他了?
那惩罚倒是严厉,严厉得让人想求饶。
这惩罚比什么下地狱、上刀山都可怕,这是要活活气死他啊!
那气倒是真气,气得让人想吐血。
暮色渐浓,那暮色浓得像墨。一点一点吞噬着夕阳的余晖,那余晖倒是美,美得像是最后的挣扎。
屋内的光线暗了下来,那暗下来的光线柔和像给一切都蒙上了一层纱。那纱倒是薄,薄得像是个幻觉。
解缙还在滔滔不绝地背诵他的诗作,那诗作一首接一首像永远背不完。
那背不完倒是真背不完,背不完得让人想睡觉。
朱樉则瘫在椅子上,那瘫倒的动作彻底像一滩烂泥。那烂泥倒是软,软得像是没有骨头。
眼神空洞地望着房梁,那房梁上还有几只蜘蛛在结网。

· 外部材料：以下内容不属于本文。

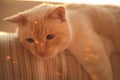 Thai White with red marks blue-eyed cat lies in the rays of the setting sun Royalty Free Stock Photo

像在编织什么命运的罗网,那罗网倒是密,密得让人逃不掉。
仿佛已经看到了自己未来被气得七窍生烟的悲惨日子,那七窍生烟倒是真烟,烟得让人想咳嗽。
那日子怕是不远了,就在明天,或者后天,或者大后天……
那大后天倒是远,远得像是在另一个世界。
而窗外的石榴花,在暮色中静静绽放。那绽放的姿态优雅像在嘲笑什么,那嘲笑倒是真嘲笑,嘲笑得让人想躲。
红得像火,也像某种不祥的预兆。那预兆倒是真预兆,预兆得让人心慌。
那预兆明显像是什么血光之灾,只是朱樉已经无力躲避。
只能眼睁睁地看着那朵石榴花,在暮色中越来越红,越来越红……
那红倒是真红,红得像是要滴出血来。
本站若有图片广告属于第三方接入,非本站所为,广告内容与本站无关,不代表本站立场,请谨慎阅读。